Artinya, liga pasti tertunda selama beberapa pekan ke depan.
Di sisi lain, BOPI menuntut PSSI tidak menghentikan liga.
Mereka memberikan teguran karena sesuai dengan Surat Keputusan Ketua Umum BOPI
No SB.012/BOPI/KU/IV2015, liga harus dijalankan sampai tuntas sejak 4 April.
Penundaan bisa berbuah sanksi terhadap PT LI dan PSSI.
”Kalau liga dihentikan, kami akan evaluasi dalam bentuk
teguran, baik itu PSSI maupun PT Liga. Sesuai undang-undang, BOPI punya hak
untuk itu,” kata Noor Amman, ketua umum BOPI.

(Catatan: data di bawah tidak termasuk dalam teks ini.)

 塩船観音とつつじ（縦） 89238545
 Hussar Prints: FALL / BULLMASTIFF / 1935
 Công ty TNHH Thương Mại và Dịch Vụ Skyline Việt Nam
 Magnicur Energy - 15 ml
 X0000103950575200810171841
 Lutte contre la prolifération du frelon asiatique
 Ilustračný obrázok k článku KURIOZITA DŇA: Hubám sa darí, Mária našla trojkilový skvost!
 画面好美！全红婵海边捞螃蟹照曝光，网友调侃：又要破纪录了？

Miris! Kalau tidak ada solusi sesuai peraturan yang
berlaku, bisa-bisa Liga Indonesia benar-benar berhenti di tengah jalan. Ratusan
pemain pun akan menjadi korban, tidak menerima gaji.

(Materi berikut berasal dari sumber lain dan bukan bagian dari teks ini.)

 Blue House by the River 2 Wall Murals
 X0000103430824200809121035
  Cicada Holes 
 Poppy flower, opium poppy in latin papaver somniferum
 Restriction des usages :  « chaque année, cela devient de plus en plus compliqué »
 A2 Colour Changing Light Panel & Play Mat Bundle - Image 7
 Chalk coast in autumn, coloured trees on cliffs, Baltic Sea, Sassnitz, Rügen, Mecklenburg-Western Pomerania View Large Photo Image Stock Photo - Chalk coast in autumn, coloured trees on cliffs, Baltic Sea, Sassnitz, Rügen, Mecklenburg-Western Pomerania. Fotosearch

Melihat kondisi seperti itu, kita patut mengelus dada.
Membandingkan dengan negara-negara tetangga, kompetisi sepak bola kita sudah
sangat jauh tertinggal. Terlalu jauh jika membandingkan dengan Thailand. Di
negara berjuluk Gajah Putih itu, kompetisi Thai Premier League sudah semakin
maju, baik secara industri bisnis maupun prestasi.
Beberapa klub di Thailand bahkan mampu membangun stadion
sendiri dan sehat secara finansial. Prestasi klub Thailand, Buriram United, di
Liga Champions Asia pun sangat membanggakan, membuka peluang lolos ke babak 16
besar.
Lantas, bersanding dengan kompetisi sepak bola negara
tetangga Malaysia pun, tampaknya kita terengap-engap. Pada 2015 ini Football
Association Malaysia (FAM) baru saja menandatangani kontrak berkala jangka
panjang dengan perusahaan media internasional M&P Silva’s. Sampai tahun 2020,
per tahun FAM akan mendapat kucuran dana Rp 250 miliar. Kontrak itu berlaku
mulai musim depan.
Angka tersebut otomatis membuat subsidi dari federasi
kepada klub pun bertambah. Jika pada tahun ini bantuan FAM kepada peserta Liga
Super Malaysia hanya Rp 1,6 miliar, tahun depan jumlahnya melonjak tajam,
menjadi Rp 5,2 miliar.
Jumlah itu akan bertambah karena FAM bersedia memberikan
subsidi sesuai dengan peringkat klub di akhir kompetisi. ”Kita di Pafa (Perak
FA, Red) menyambut baik dan memandang positif langkah FAM ini. Persaingan di
Liga Malaysia memerlukan dana yang besar untuk menyediakan pasukan yang
mantap,” kata Shahrizal Ahmad Zaini, pengurus klub Perak FA.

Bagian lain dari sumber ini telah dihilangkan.